At a very high level, the purpose of the discriminator in a GAN is establish a loss function that can be used to train the generator.
ie. Given the random input to the generator, the discriminator should be able to return a probability of the result being a 'real' image.
If the discriminator is perfect the probability will always be zero, and the loss function will have no gradient.
Therefore you iterate:
- generate random samples
- generate output from the generator
- evaluate the output using the discriminator
- train the generator
- update the discriminator to be more accurate by training it on samples from the real distribution and output from the generator.
The problem, and what I don't understand, is point 5 in the above.
Why do you use the output of the generator?
I absolutely understand that you need to iterate on the accuracy of the discriminator.
To start with it needs to respond with a non-zero value for the effectively random output from the generator, and slowly it needs to converge towards correctly classifying images at 'real' or 'fake'.
In order to achieve this we iterate, training the generator with images from the real distribution, pushing it towards accepting 'real' images.
...and with the images from the generator; but I don't understand why.

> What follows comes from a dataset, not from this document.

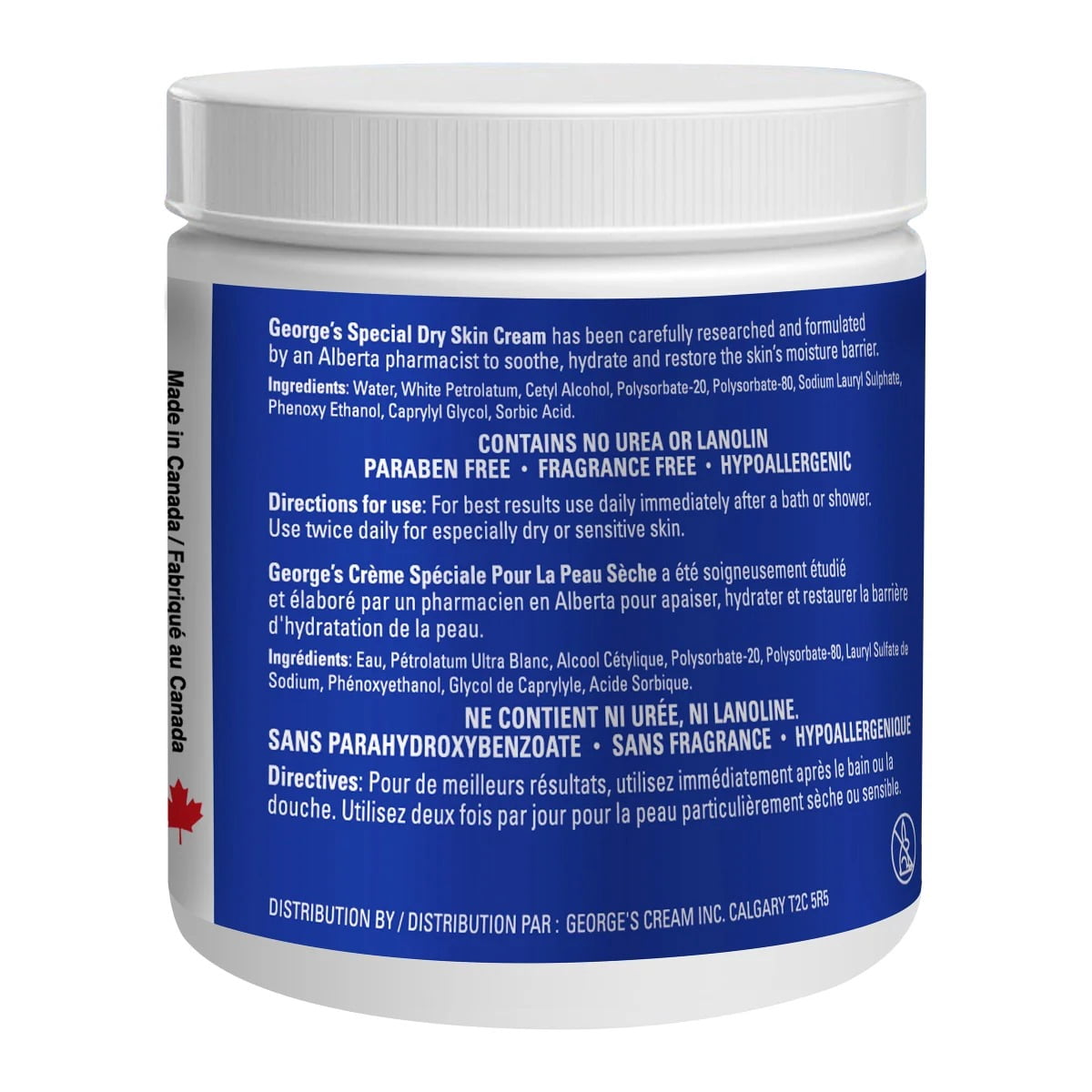 George's Special Dry Skin Cream, 2 x 450g - Walmart.ca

Effectively, you have a set of real images (eg. 5000 pictures of faces), that represent a sample from the latent space you want the GAN to converge on (eg. all pictures of faces).
So the argument goes:
As the generator is trained iteratively closer and closer to generating images from the latent space, the discriminator is iteratively trained to recognise from the latent space, as though it had a much larger sample size than the 5000 (or whatever) sample images you started with.
...ok, but that's daft.
The whole point of DNN's is that given a sample you can train it to recognise images from the latent space the samples represent.
I've never seen a DNN where the first step was 'augment your samples with extra procedurally generated fake samples'; the only reason to do this would be if you can only recognise samples in the input set, ie. your network is over-fitted.
So, as a specific example, why can't you incrementally train the discriminator on samples of ('real' * epoch/iterations + 'noise' * 1 - epoch/iterations), where 'noise' is just a random input vector.
Your discriminator will then necessarily converge towards recognising real images, as well as offering a meaningful gradient to the generator.
What benefit does feeding the output of the generator in offer over this?